Honorable Mention, Sheila Margaret Motton Book Prize, selected by the NEPC Board
The Po-Co Kid
maatahet logan bol na sake hai
darsana nahin maral, murjhaake
Let’s get one thing queer—I’m no Sabu-like sidekick,
I’m the main drag. Ram Ram in a sari; salaam
on the street. I don’t speak Hindu, Paki, or Indian,
can’t control minds, have no psychic powers.
I clip my yellow nails at dusk; on Saturday nights
I shave my head. Forgive me Shiva,
forgive me Saturn. I’m Coolie on Liberty Ave, desi
in Jackson Heights—where lights spell Seasons Greetings
to cover Christmas, Diwali, and Eid—
where white folks in ethnic aisles ask, Will your parents
arrange your bride? while Ma and I scope out fags,
gyaff, and laugh while aunties thread our eyebrows.
“Thee subaltern cannot speak.
Representation has not withered away.”
Indo-Queer IV
for Sundari
dudh rahe dudh aur pani rahe pani
urdat pakshi ke rang kaun dekh sakela
Hear your Aji talk, Beta, you na get sense?
Hear your Nani say, Chach, you head na gi’ you wuk?

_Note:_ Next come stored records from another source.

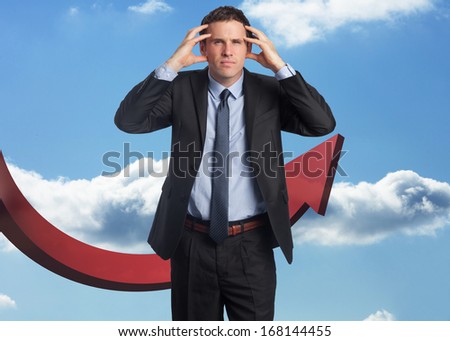 Stressed businessman with hands on head against airplane flying past window
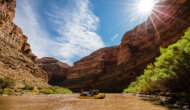 A raft of people floats on a flatwater section of the San Juan River between red canyon walls rising above them.
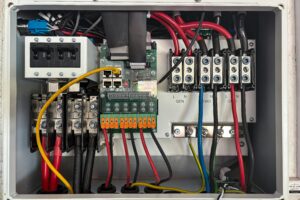 Inside view of an electrical control panel showing circuits and connections.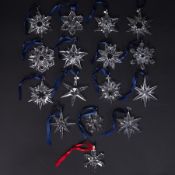 Swarovski Crystal Glass, a collection of sixteen Christmas star decorations including 1997, 1998,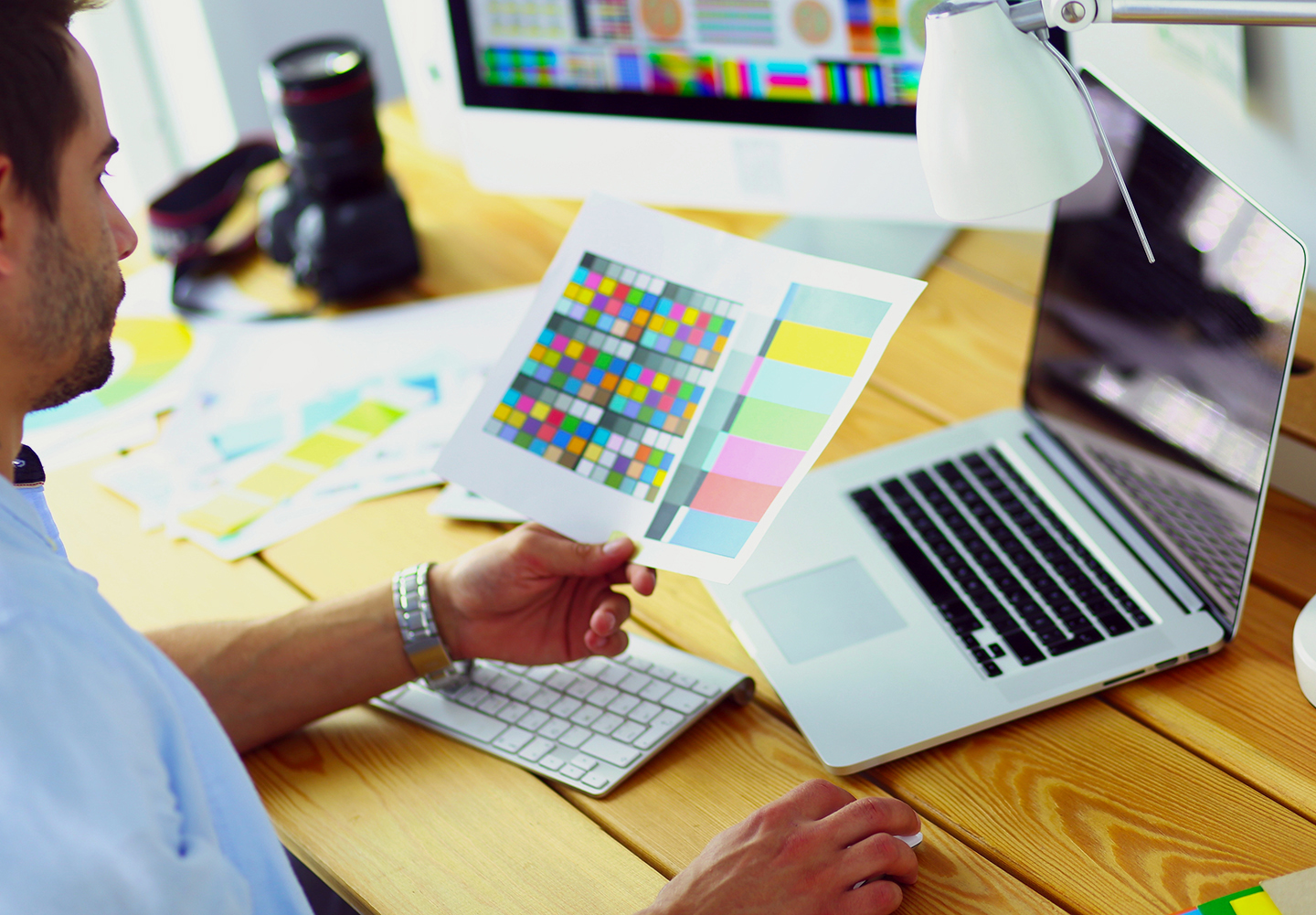Portrait of young designer sitting at graphic studio in front of laptop and computer while working online.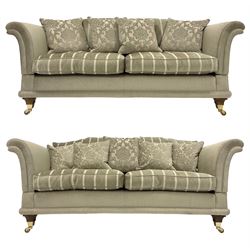 Large pair traditional design drop-arm two seat sofas, shaped back and scrolled arms, upholstered in textured pale sage fabric with striped seat cushions, raised on tapered feet with brass cups and castors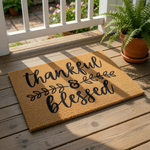 A textured area rug with the phrase "Thankful & Blessed" printed on it.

When the elders gather they will all clap their hands,
they will beg your rainbowed silks to wave
and wave. I’ve seen it in Queens, at the Rajkumari
Center in curls, in kajal, in a lehenga.
You dance-walk to buskers’ beats down Liberty
the A train and E, to rum an’ Coke and your wine,
with five countries in your migration story.
You still na get shame, your father rum-stunned snores,
though your mother cries for two years straight after
she finds another man’s underwear in your laundry.
Milk remains milk, water, water,
who can make out the flying bird’s colors?
Chutney Mashup
aaj sawaliya ham na jaibe bhitar
balma, ulat pavan chal gaya, chadar bichao
You tie your veil to meet me in the courtyard,
though there no neem tree grows. You wrap your limbs
tightly about mine as jamun fruits betray
their pedicels and stain the concrete with ruby wine.
The shehnai weeps for us only; inside
my strength has ebbed. Spread a sheet on the earth, balma,
that when weary we may lie on silk in peace.
Despite your wise restraint your morals will scatter
in a fire dance—what god can save us?
I will never escape the body’s betrayal.
The neighbor women jeer at the stains on my veil,
my ruined fabric I pleat and tuck at my waist.
Today, love, I will not go outside.
Love, against the backwards wind, spread a sheet.
Rajiv Mohabir
Rajiv Mohabir, an immigrant to the United States, is the author of Cutlish (Four Way Books 2021, a finalist for the National Book Critics Circle Award in Poetry and longlisted for the PEN/Voelcker Award in Poetry), The Cowherd’s Son (Tupelo Press 2017, winner of the 2015 Kundiman Prize; Eric Hoffer Honorable Mention 2018) and The Taxidermist’s Cut (Four Way Books 2016, winner of the Four Way Books Intro to Poetry Prize, Finalist for the Lambda Literary Award for Gay Poetry in 2017), and translator of I Even Regret Night: Holi Songs of Demerara (1916) (Kaya Press 2019), which received a PEN/Heim Translation Fund Grant Award and received the Harold Morton Landon Translation Award from the Academy of American Poets. His memoir Antiman (Restless Books 2021) received the Restless Books’ New Immigrant Writing Prize. He received his PhD in English from the University of Hawai‘i, Mānoa and his MFA in Poetry from Queens College, CUNY. Currently he is an Assistant Professor of poetry in the MFA program at Emerson College. He lives in the Boston area.